● EXTRACTED DATA:
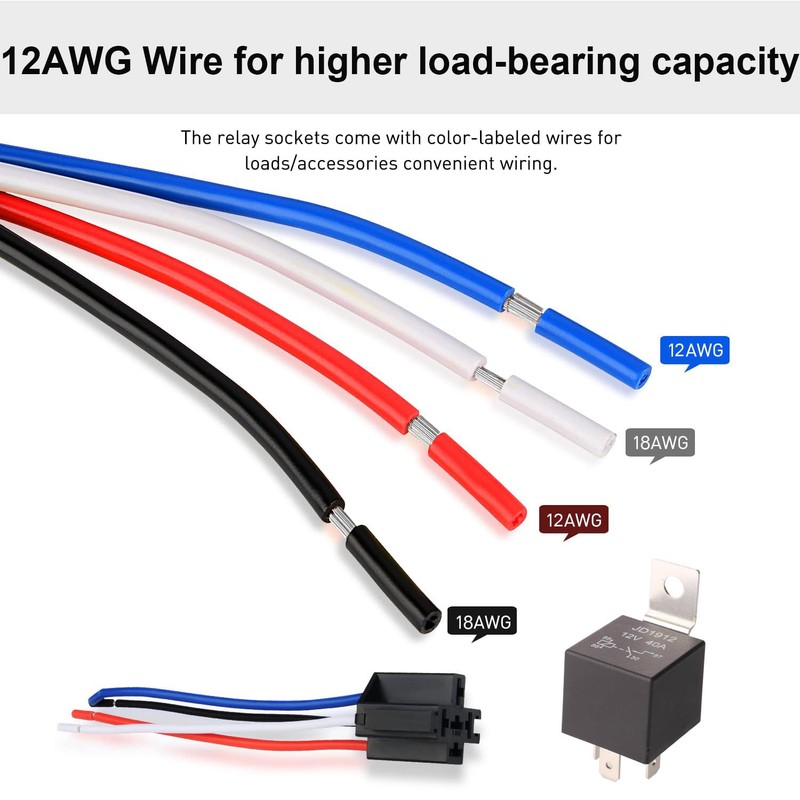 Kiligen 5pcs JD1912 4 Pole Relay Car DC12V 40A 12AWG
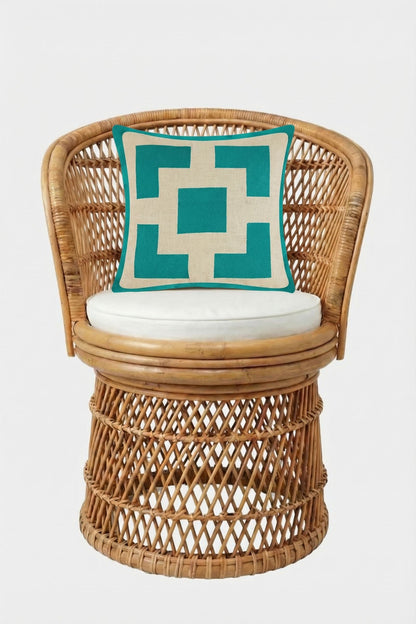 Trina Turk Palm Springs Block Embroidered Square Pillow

...

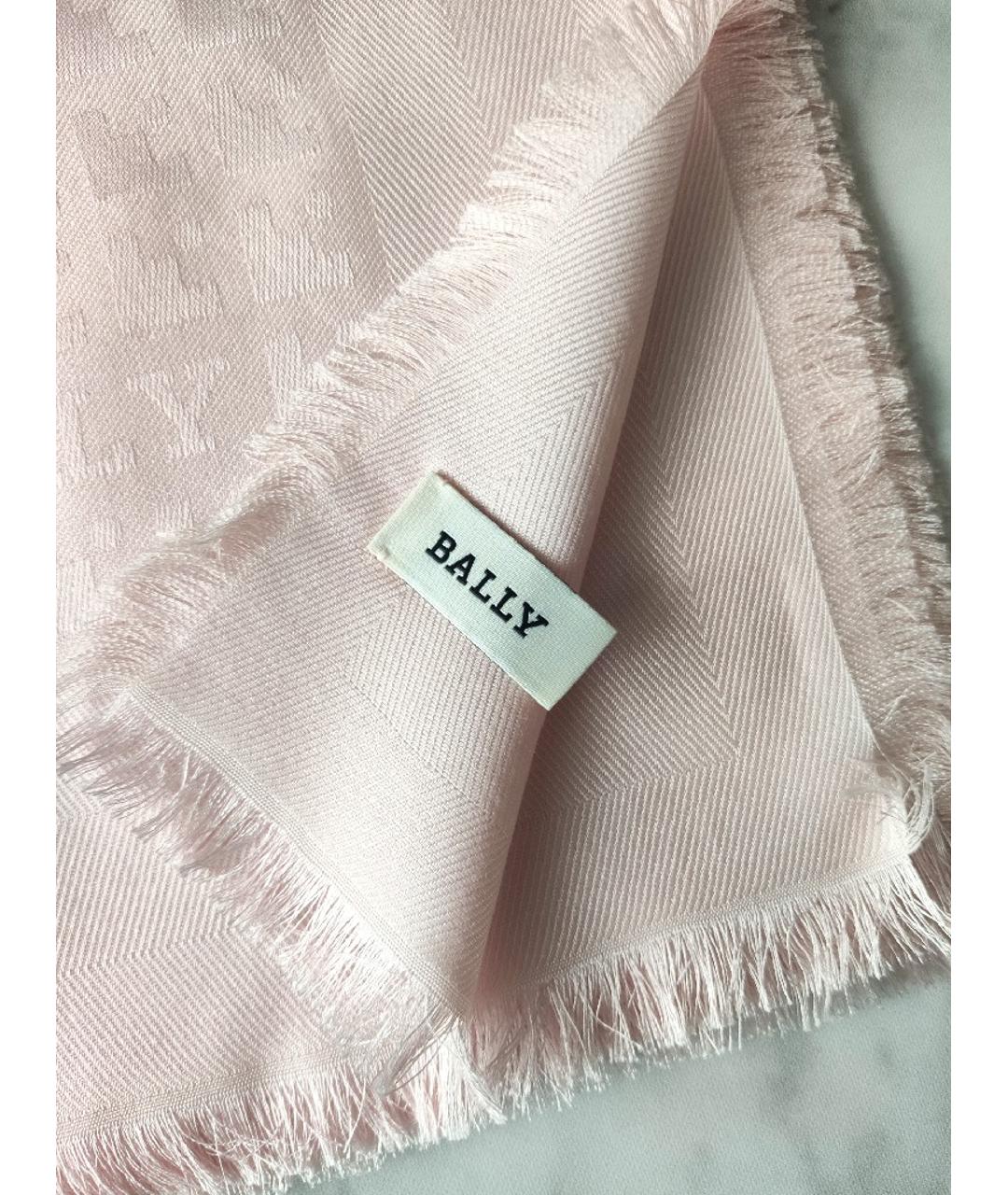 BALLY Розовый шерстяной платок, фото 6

* * *

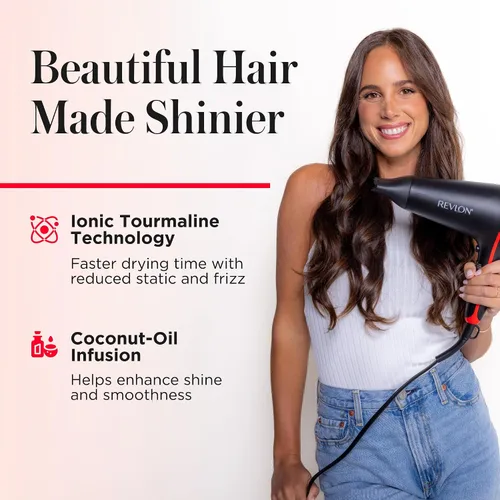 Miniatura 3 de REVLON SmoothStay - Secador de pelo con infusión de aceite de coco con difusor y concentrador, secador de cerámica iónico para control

● REQUIRED ACTION: Quote word for word only the lines above from the one containing "Kiligen 5pcs JD1912" through the one containing "Trina Turk Palm". Pictures stay out of your copy.

● SOLVED PROBLEM:
 Kiligen 5pcs JD1912 4 Pole Relay Car DC12V 40A 12AWG
 Trina Turk Palm Springs Block Embroidered Square Pillow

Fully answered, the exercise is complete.